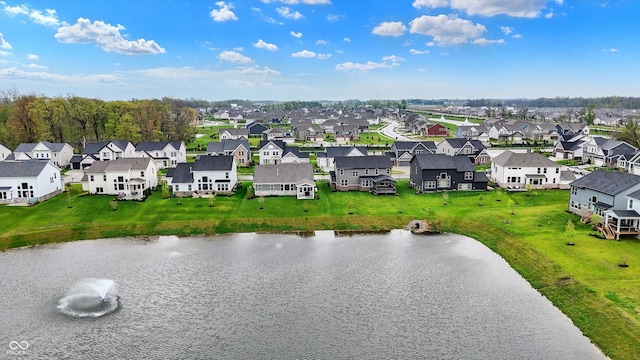 132 Oakhurst Way, Westfield, IN 46074 - birds eye view of property with a residential view and a water view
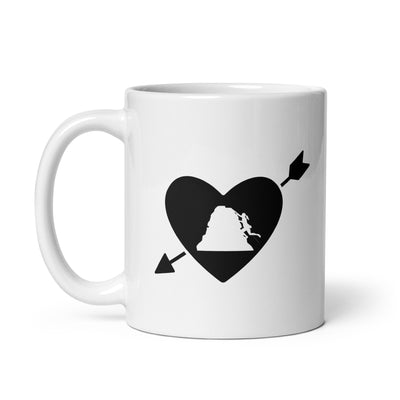 Arrow Heart And Climbing 1 - Tasse klettern 11oz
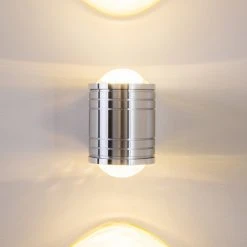 Hofstein Florenz Badleuchte LED Aluminium, 2-flammig -Wandleuchten Verkauf florenz badleuchte h166421 8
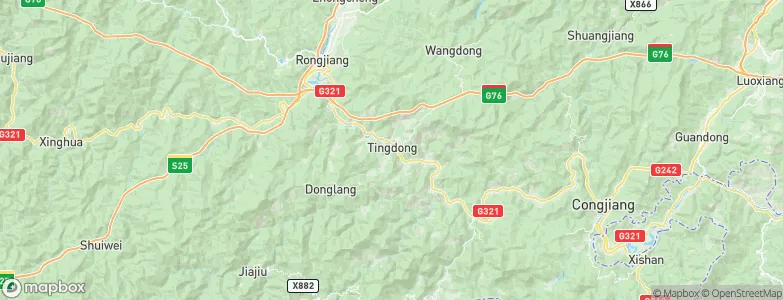 Tingdong, China Map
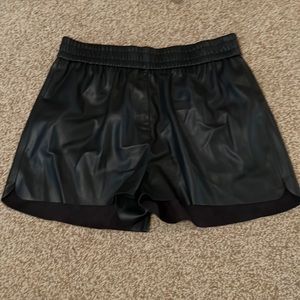 Zara mini leather shorts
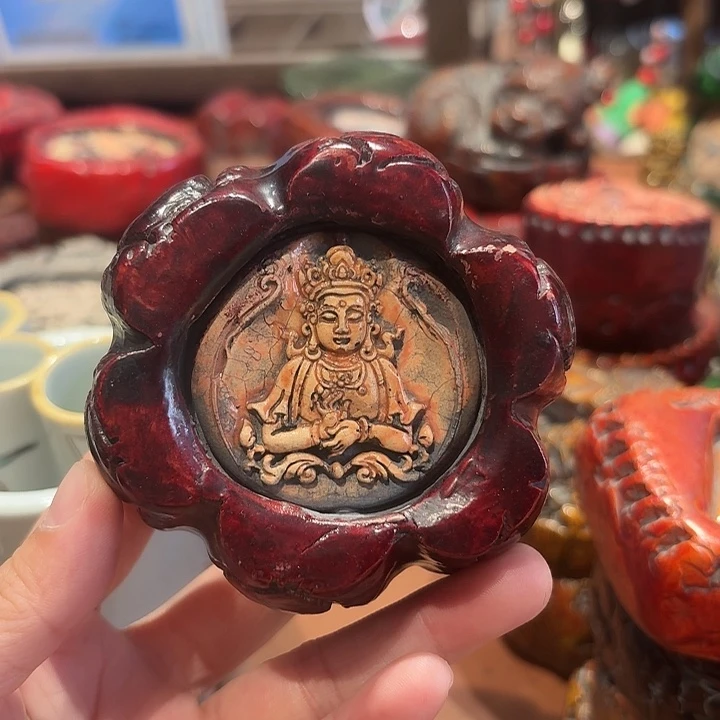 麻线鼓杯垫盖置茶宠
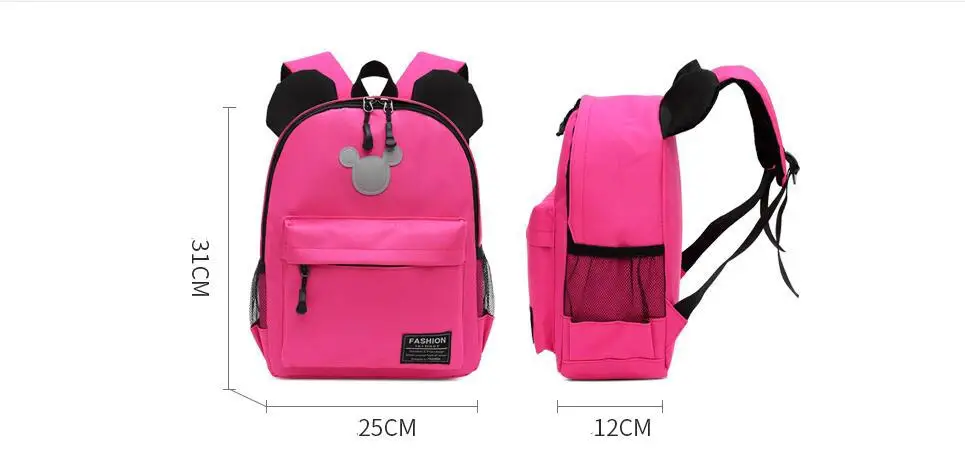  Cartoon kindergarten schoolbag baby kids Mickey children's backpack cute boy shoulder bag 3-6-year- - 32886335156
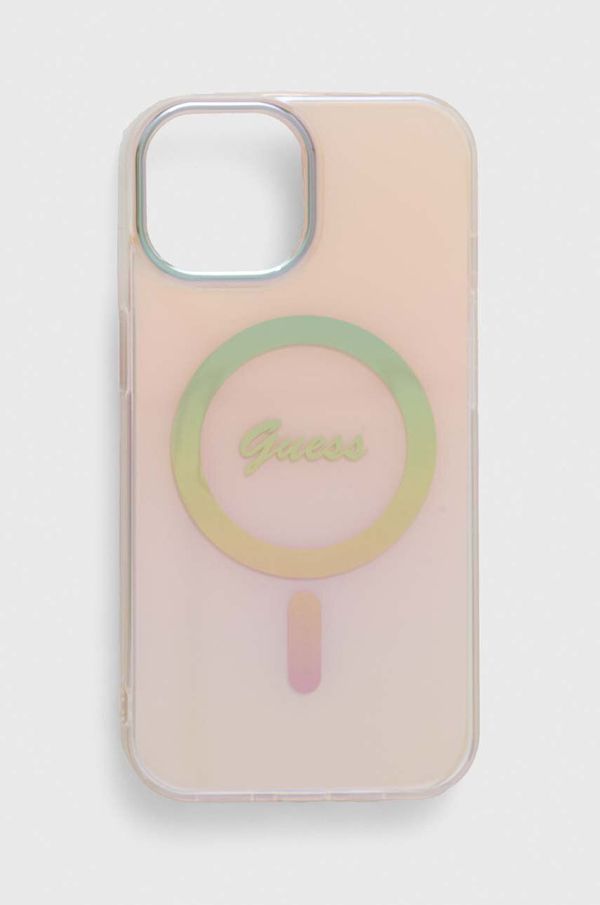 Guess Etui za telefon Guess iPhone 15 6.1 roza barva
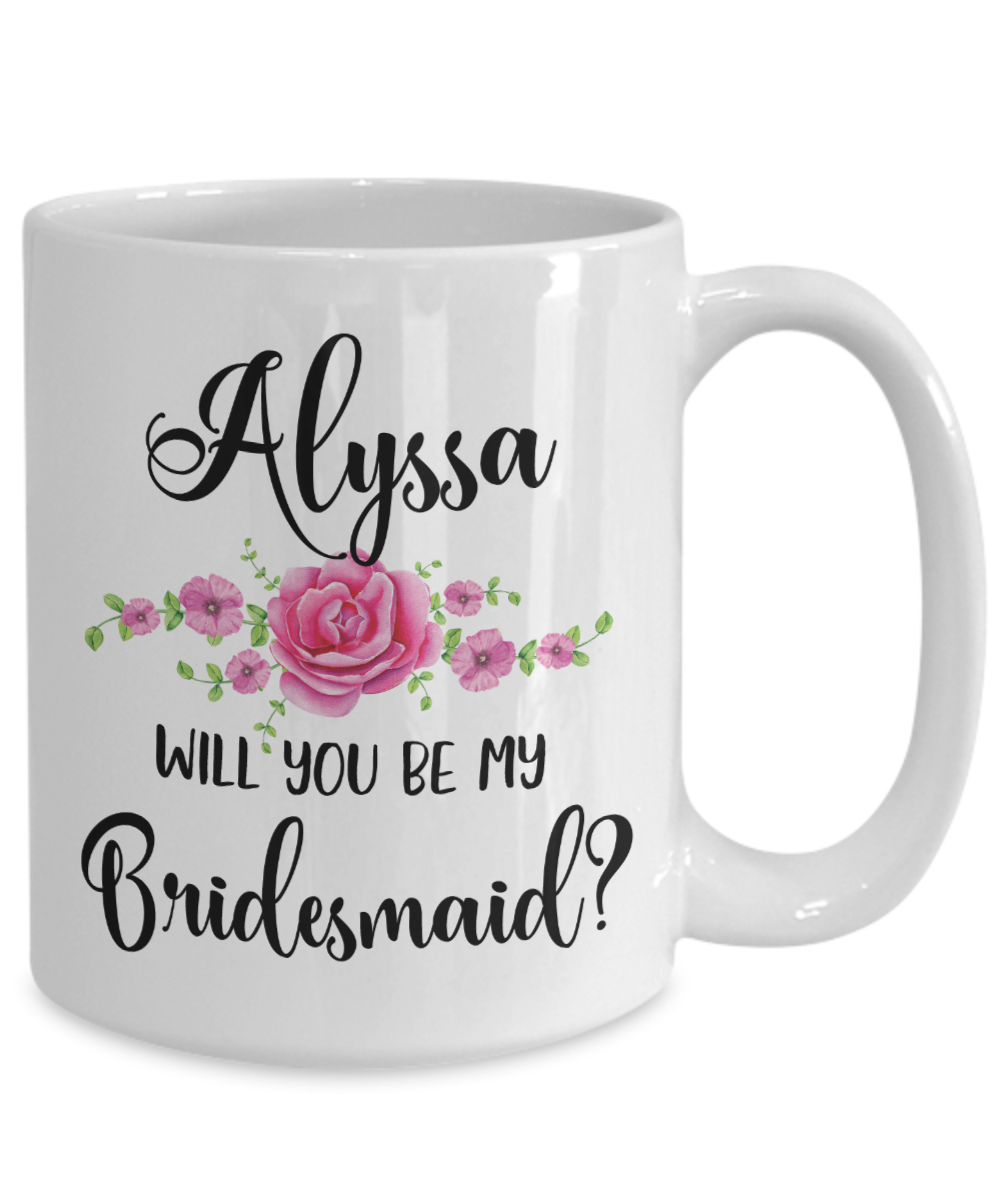 custom bridesmaid coffee mug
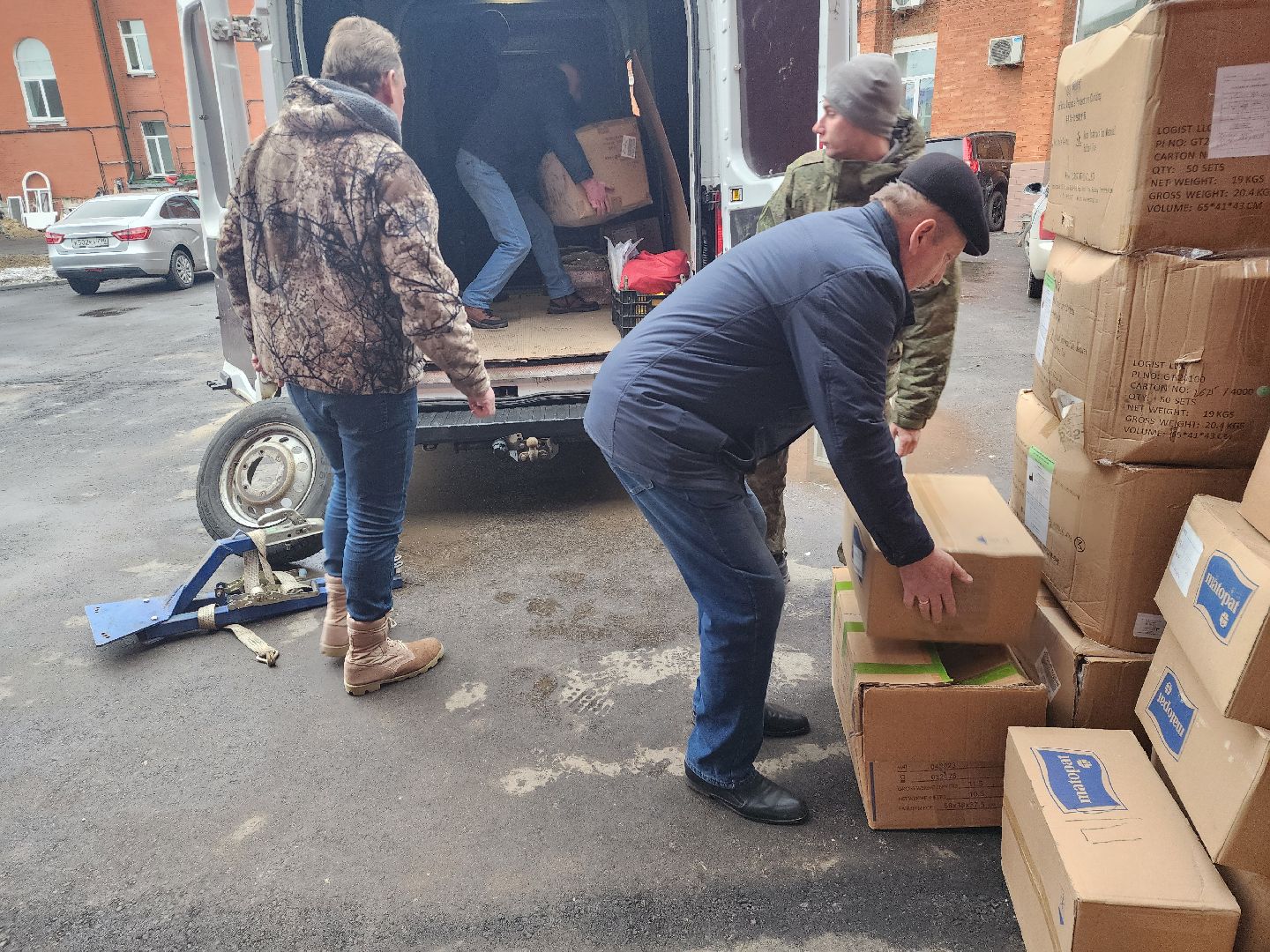 вертикалки, Зарайск, гуманитарный груз,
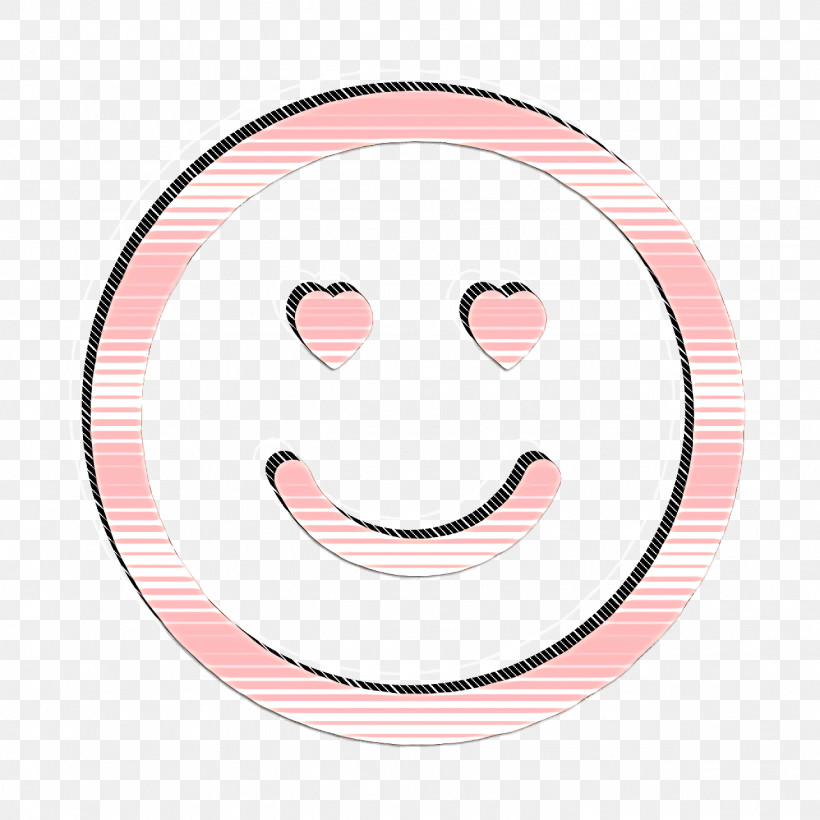 Emoticon In Love Face With Heart Shaped Eyes In Square Outline Icon Smile Icon Emotions Rounded Icon, PNG, 1284x1284px, Smile Icon, Cartoon, Circle, Emoticon, Emotions Rounded Icon Download Free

### What is required
The expected answer is the line with "Zara mini leather shorts" followed by every remaining line of the listing, each restated exactly, with all pictures dropped.

### Final answer
 Zara mini leather shorts
 麻线鼓杯垫盖置茶宠
  Cartoon kindergarten schoolbag baby kids Mickey children's backpack cute boy shoulder bag 3-6-year- - 32886335156
 Guess Etui za telefon Guess iPhone 15 6.1 roza barva
 custom bridesmaid coffee mug
 вертикалки, Зарайск, гуманитарный груз,
 Emoticon In Love Face With Heart Shaped Eyes In Square Outline Icon Smile Icon Emotions Rounded Icon, PNG, 1284x1284px, Smile Icon, Cartoon, Circle, Emoticon, Emotions Rounded Icon Download Free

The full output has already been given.